* About this task
Exclude all images and print the entries below exactly.

* Given data
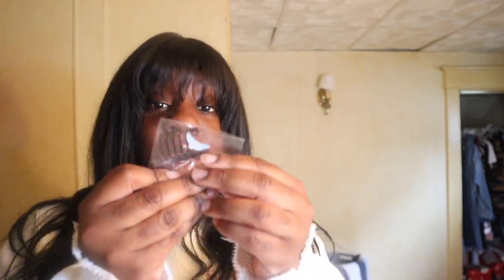It came with lashes — I don't know if I'd wear these but these are the lashes that it came with. And it came with one wig cap, actually two wig caps in here. Then it came with a clip for the back of my wig, and an elastic band to clip on for the wig.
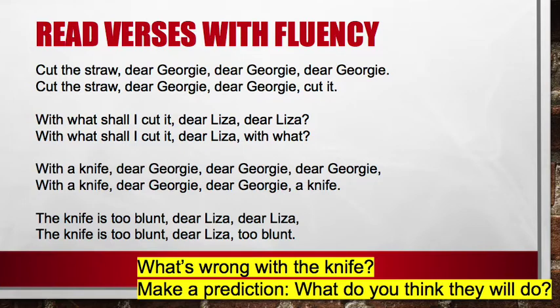Let's try wrapping these four verses and maybe adding beatboxing too. Cut the straw, dear Georgie, dear Georgie, dear Georgie, cut it. With what shall I cut it? Dear Liza, dear Liza, with what shall I cut it? With a knife, dear Georgie, dear Georgie, with a knife. But the knife is too blunt, dear Liza, dear Liza. The knife is too blunt, dear Liza, too blunt.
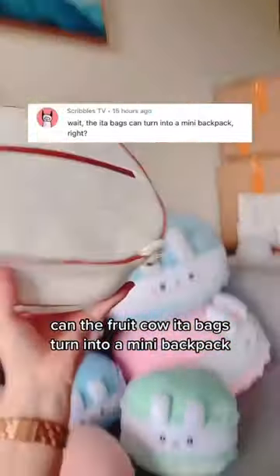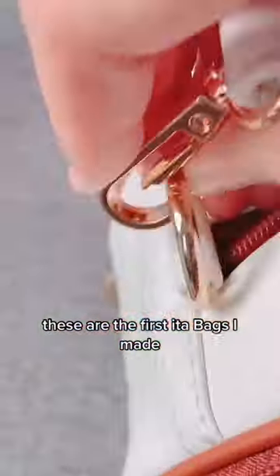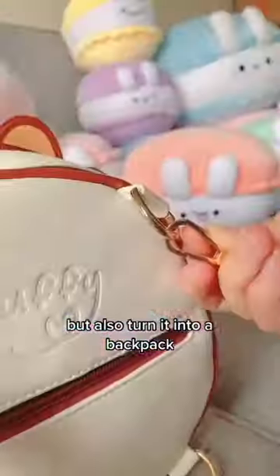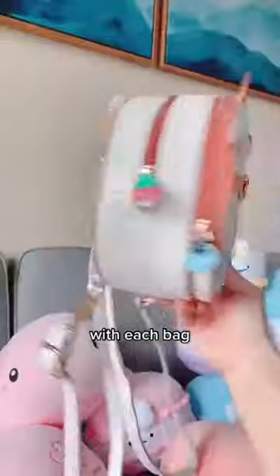Can the fruit cow eatabag turn into a mini backpack? These are the first eatabags I made, and you can not only make it into a handbag or a shoulder bag, but also turn it into a backpack with straps that are included with each bag.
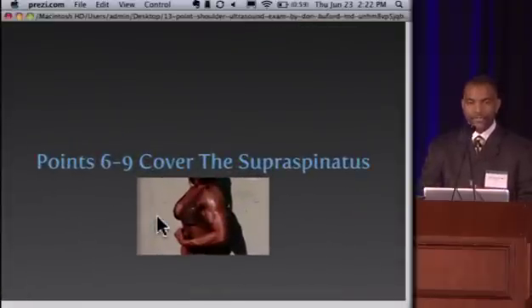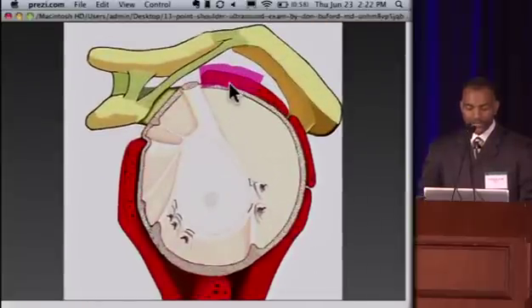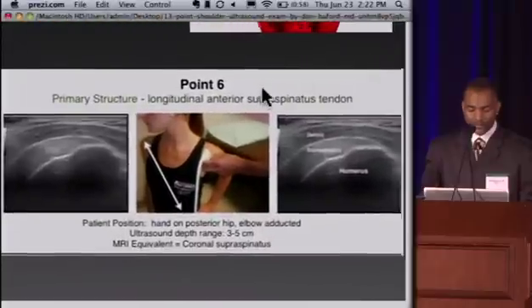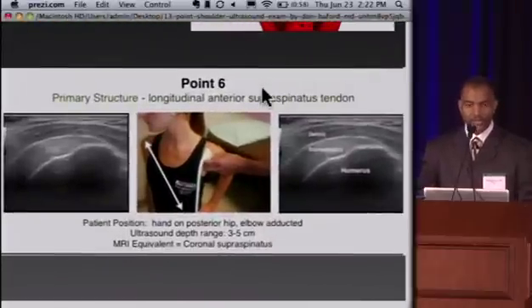That's the first five points covering the anterior shoulder. Points six, seven, eight, and nine cover just the supraspinatus tendon. We spend a lot of time on the supraspinatus because it's so important as shoulder surgeons to diagnose supraspinatus pathology. Points six and seven cover the anterior half of the supraspinatus, and points eight and nine cover the posterior half. Splitting the exam into multiple points lets us magnify the tendon and really fine-tune our diagnostic accuracy.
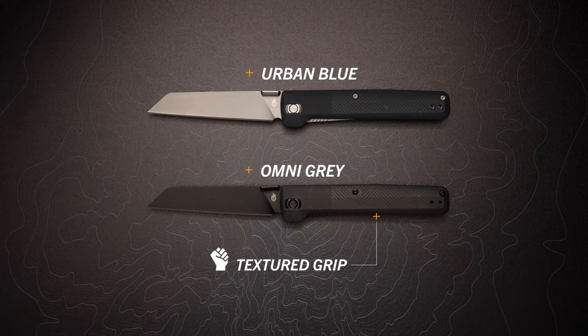The sturdy textured grip comes in a variety of colors and has a pocket clip you can move to either side. Whether you're around the house or on an outdoor adventure, you can count on The Pledge.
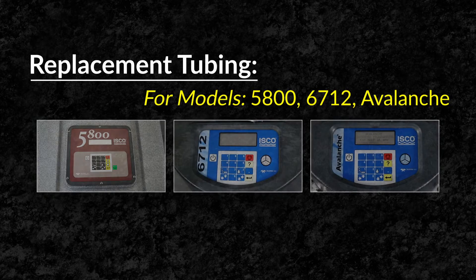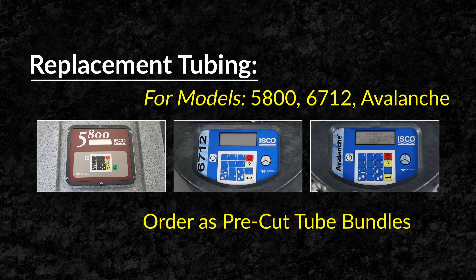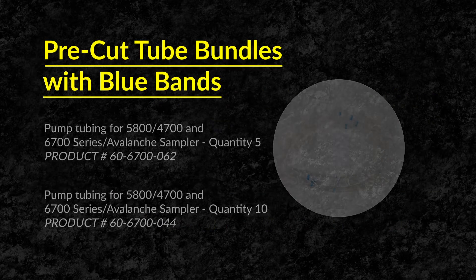Replacement tubing for models 5800, 6712, and Avalanche come in packages of pre-cut tube bundles.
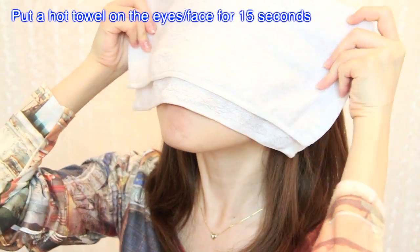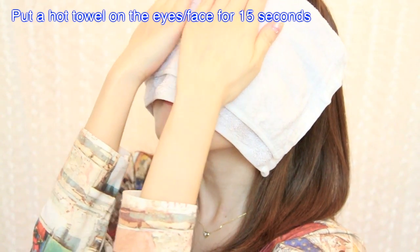Here I am with no makeup, and as you can see, I have some pretty bad dark circles today. I'm going to start off by putting a hot towel over my face for 15 seconds, which is going to stimulate the blood circulation and make the massages more effective.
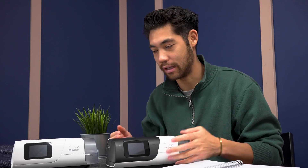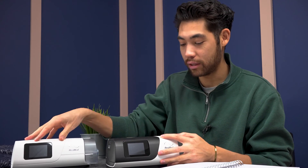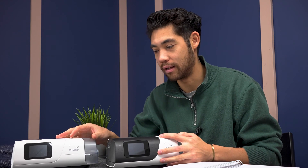Hi everyone, my name is Tristan from cpapstore.ca. Today we're going to be looking at the ResMed AirCurve 11. It looks very similar to the ResMed AirSense 11, other than it being a white top versus a black top, but this is an AirCurve device, meaning it is a bi-level or BPAP device. We're going to talk about the slight differences between this and the old one, as well as the differences between these two machines, and look at the settings.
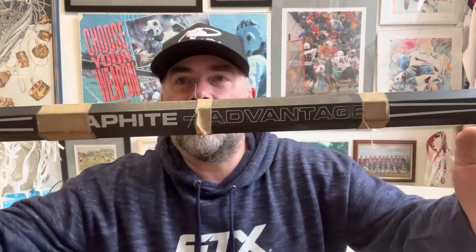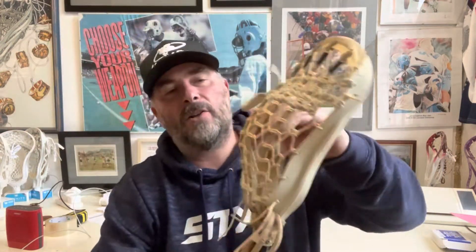Just thought I'd give you a look at this — the Graphite Advantage — and I'll tell you what, this is not a light handle. When you look at handles today, this is still quite a heavyweight handle, partly to do with the head as well because it's got a double trad, so there's double mesh material in there. It is a nice pocket for a stick from the early 90s. People talk about handles now wanting light, light, light handles, and I think you can go too light.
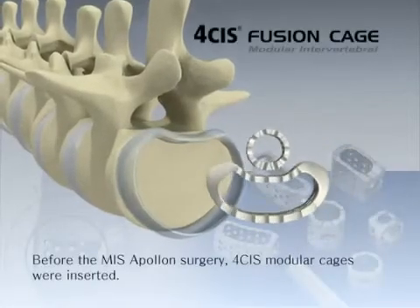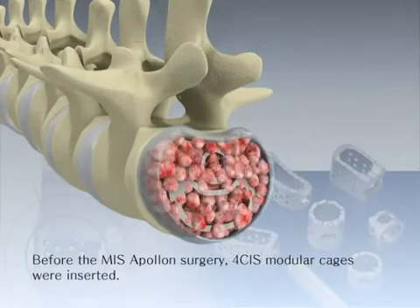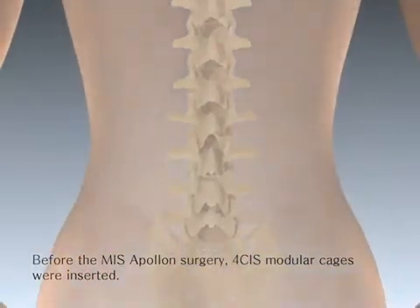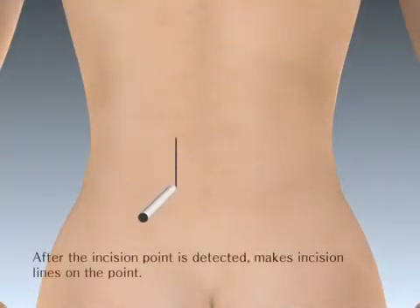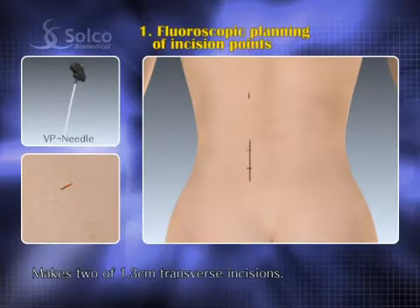Before the MISS Apollon surgery, four CIS modular cages were inserted. After the incision point is detected with the C-arm on AP view, make 1.3cm transverse incisions. Because this is one level, two incision points are confirmed.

* The answer
It came with lashes — I don't know if I'd wear these but these are the lashes that it came with. And it came with one wig cap, actually two wig caps in here. Then it came with a clip for the back of my wig, and an elastic band to clip on for the wig.
Let's try wrapping these four verses and maybe adding beatboxing too. Cut the straw, dear Georgie, dear Georgie, dear Georgie, cut it. With what shall I cut it? Dear Liza, dear Liza, with what shall I cut it? With a knife, dear Georgie, dear Georgie, with a knife. But the knife is too blunt, dear Liza, dear Liza. The knife is too blunt, dear Liza, too blunt.
Can the fruit cow eatabag turn into a mini backpack? These are the first eatabags I made, and you can not only make it into a handbag or a shoulder bag, but also turn it into a backpack with straps that are included with each bag.
That's the first five points covering the anterior shoulder. Points six, seven, eight, and nine cover just the supraspinatus tendon. We spend a lot of time on the supraspinatus because it's so important as shoulder surgeons to diagnose supraspinatus pathology. Points six and seven cover the anterior half of the supraspinatus, and points eight and nine cover the posterior half. Splitting the exam into multiple points lets us magnify the tendon and really fine-tune our diagnostic accuracy.
The sturdy textured grip comes in a variety of colors and has a pocket clip you can move to either side. Whether you're around the house or on an outdoor adventure, you can count on The Pledge.
Replacement tubing for models 5800, 6712, and Avalanche come in packages of pre-cut tube bundles.
Here I am with no makeup, and as you can see, I have some pretty bad dark circles today. I'm going to start off by putting a hot towel over my face for 15 seconds, which is going to stimulate the blood circulation and make the massages more effective.
Hi everyone, my name is Tristan from cpapstore.ca. Today we're going to be looking at the ResMed AirCurve 11. It looks very similar to the ResMed AirSense 11, other than it being a white top versus a black top, but this is an AirCurve device, meaning it is a bi-level or BPAP device. We're going to talk about the slight differences between this and the old one, as well as the differences between these two machines, and look at the settings.
Just thought I'd give you a look at this — the Graphite Advantage — and I'll tell you what, this is not a light handle. When you look at handles today, this is still quite a heavyweight handle, partly to do with the head as well because it's got a double trad, so there's double mesh material in there. It is a nice pocket for a stick from the early 90s. People talk about handles now wanting light, light, light handles, and I think you can go too light.
Before the MISS Apollon surgery, four CIS modular cages were inserted. After the incision point is detected with the C-arm on AP view, make 1.3cm transverse incisions. Because this is one level, two incision points are confirmed.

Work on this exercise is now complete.